Cloud telephony provider Fonality said the IP phone services included in Microsoft and Google’s cloud productivity suites were not a threat.
“We’re not seeing those as direct competitors as yet,” said Marc Englaro, managing director for Fonality Australia and Fonality’s international vice president of sales.
Neither of the telephony services supplied by Microsoft or Google were registered with the Telecommunications Industry Ombudsman (TIO) and therefore did not have to comply with legislated levels of service, Englaro said.
“In Australia we are classified as a carriage service provider (like) Telstra, Optus and AAPT. We provide a telephony service that’s regulated by the TIO. That regulatory framework gives customers the assurance that if a telco isn’t doing the right thing that there are penalties associated with not delivering a service.
Google and Microsoft’s telephony services also fell short in features compared to a dedicated telephony platform, Englaro said.
Google Voice, the IP telephony program within Google Apps’ Gmail, was “fairly basic” compared to enterprise products such as Fonality, Englaro said. Google Voice users in Australia could not make calls to the PSTN phone network, although this feature had been available in the US for about 12 months.
“It’s more a proof of concept about making phone calls over the ‘net. It’s not a system designed for inbound calls”, for example, Englaro said.
“A lot of companies would want their telephony system to provide PABX functionality. Even our smaller organisations are quickly adopting call-centre style capability to maximise the service they provide to their customers.
“That means routing calls to the next available agent, reports on how many calls are answered quickly, understanding the profile of their customers’ calling and making sure they’re doing a good job looking after them. You can’t do any of those things with Google Voice. It’s not really in the same class.”
While Microsoft’s Lync, based on the enterprise-grade Office Communicator IP telephony platform, was much more sophisticated, it required third party products to connect to the PSTN network, Englaro said.
“You can’t plug a phone line into a Lync server without going through some third-party gateways,” Englaro said.
The Lync Online service was not classified as a phone service and couldn’t make emergency calls or be held to regulated standards, Englaro said. The service wasn’t carrying calls in Australia yet according to his research, he added.
“The only announcements I have seen (say) that voice will come later. It will be a little like Skype, is what I expect.
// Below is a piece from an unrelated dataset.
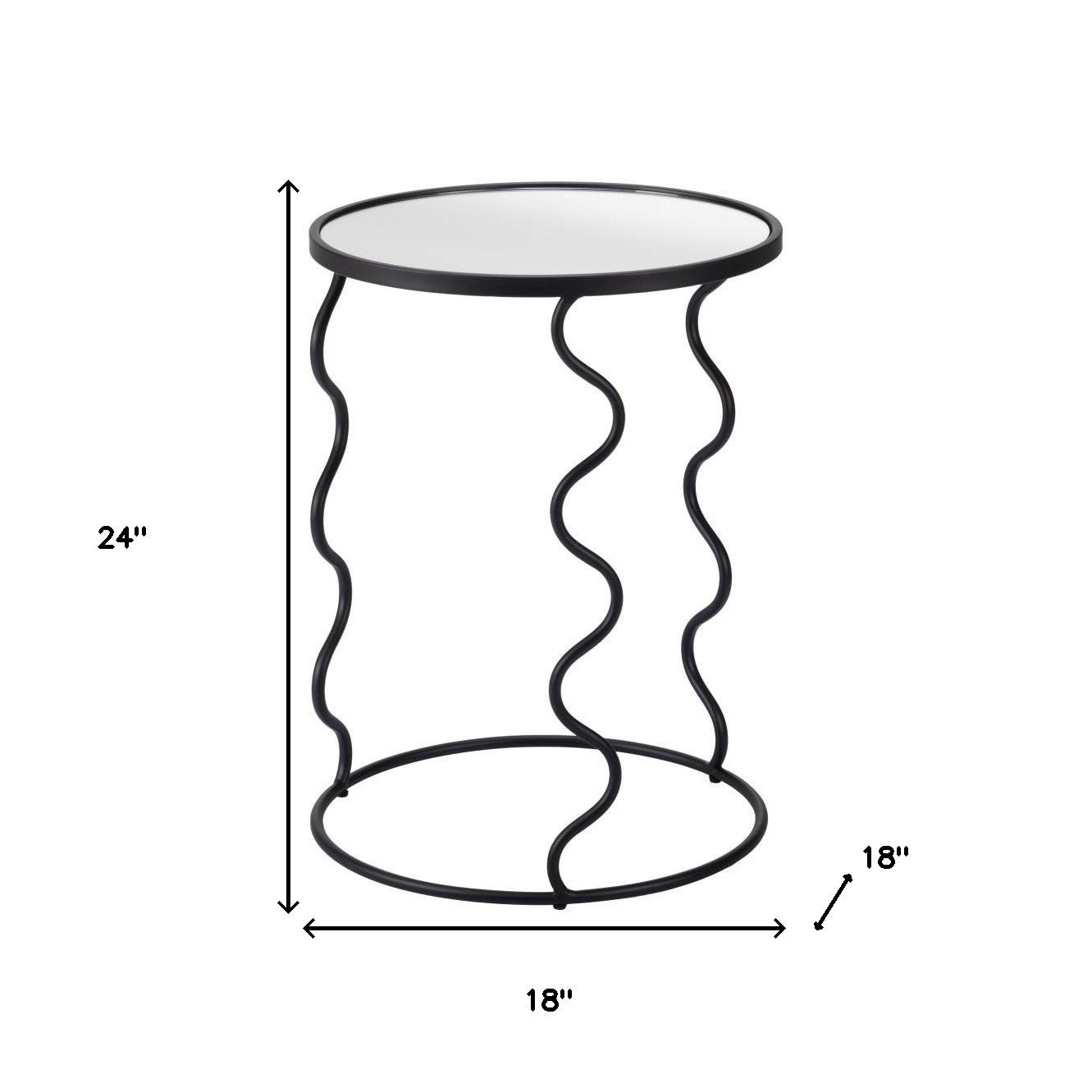 24" Black Mirrored Glass and Steel Round Abstract End Table - Living Room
A voice-over-IP service that is intended to make cheap phone calls but not intended to be a replacement for a telephony service,” Englaro said.
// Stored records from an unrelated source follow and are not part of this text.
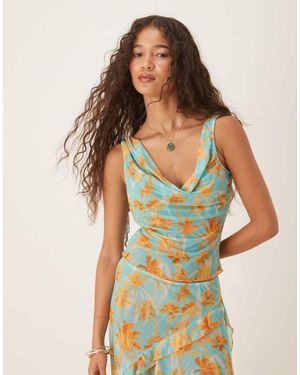 Wild Lovers Sweet Escape Palm Print Mesh Beach Top Co-ord - Green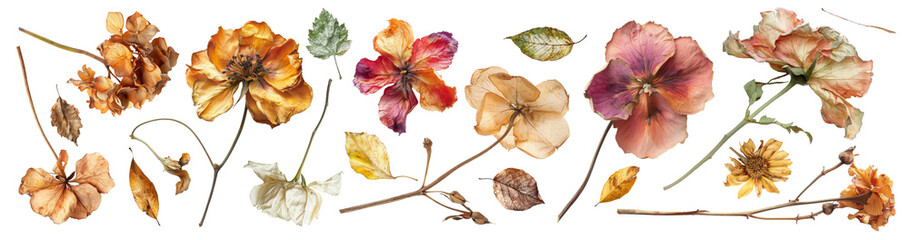 Collection, collage of dried flowers and leaves isolated on transparent banner background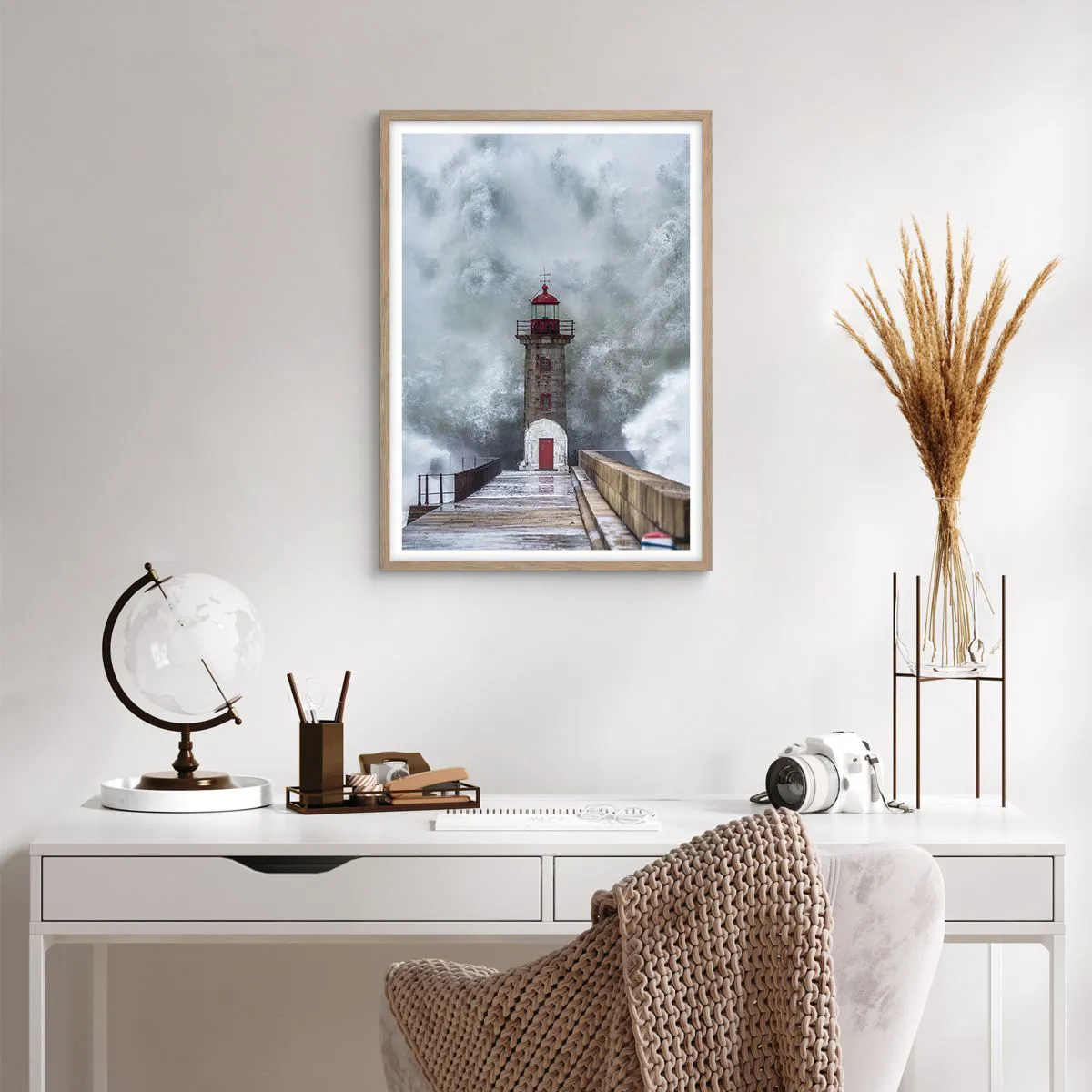 Poster în ramă de stejar deschis - Zgomotul apelor, sunetul vântului - 50x70 cm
Fonality had recently added call-centre capabilities to its on-premise and cloud services such as call distribution, and statistics on unanswered calls and the speed of answering calls.
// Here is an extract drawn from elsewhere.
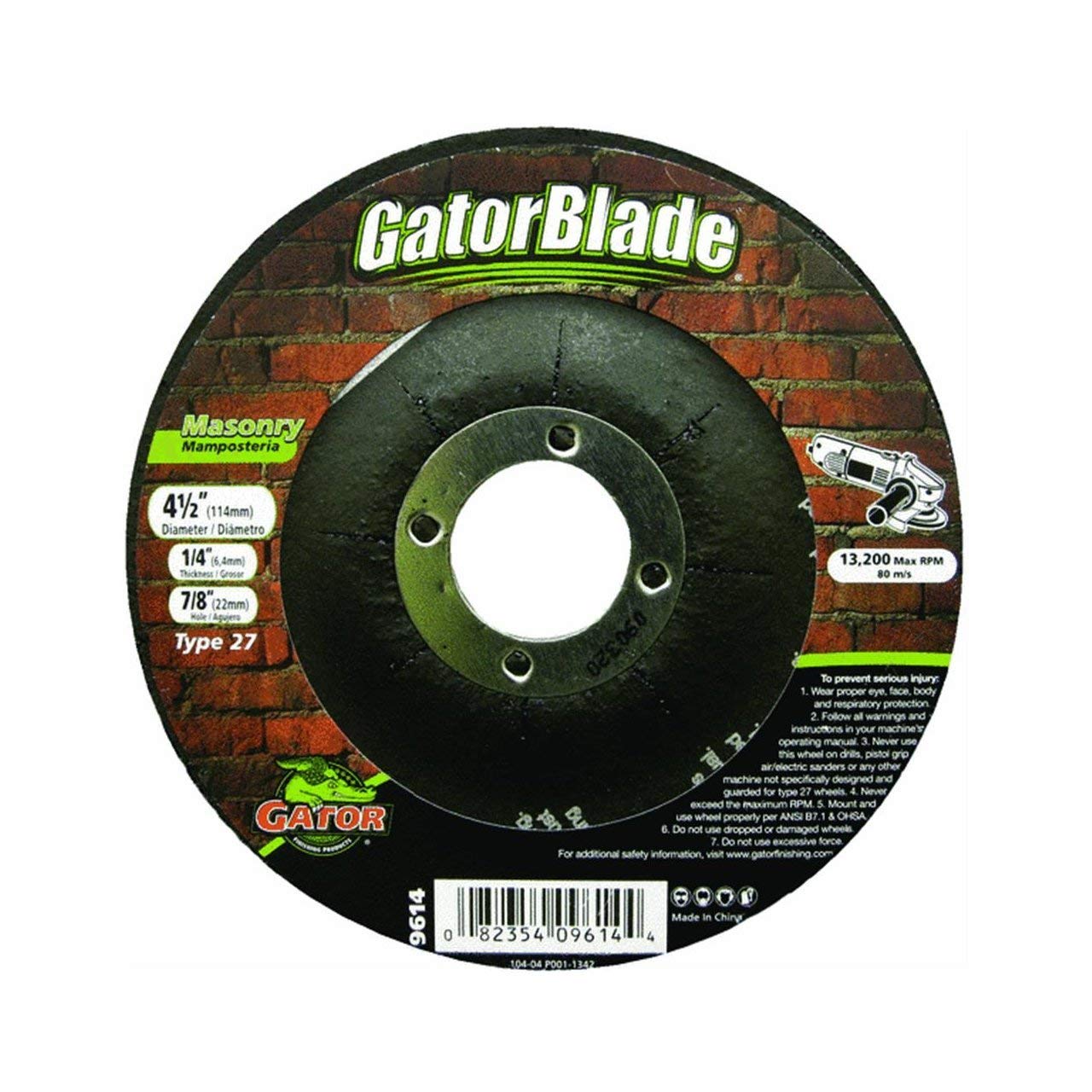 Ali Industries  Gator Blade Type 27 4-1/2 in. x 1/4 in. x 7/8 in Masonry Cut-Off Wheel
The vendor had released collaboration features through its HUD interface. These included “drag and drop” to transfer calls, presence management, enterprise-grade secure instant messaging and integration with third-party programs such as Outlook for caller identification.
An iPhone app brought many of the PABX features to the Apple platform and gave users the choice of routing calls over the 3G data network, WiFi or the GSM mobile phone network.
Customers on Fonality’s cloud service, Fonality Connect, paid $39 per month for free calls to landlines in Australia, 60 minutes of free calls per user (cumulative) to mobile phones and a Polycom IP handset, Englaro said.
Up to 95 percent of Fonality Connect customers fell under the 60-minute mobile cap and paid nothing more for their phone usage each month, Englaro said.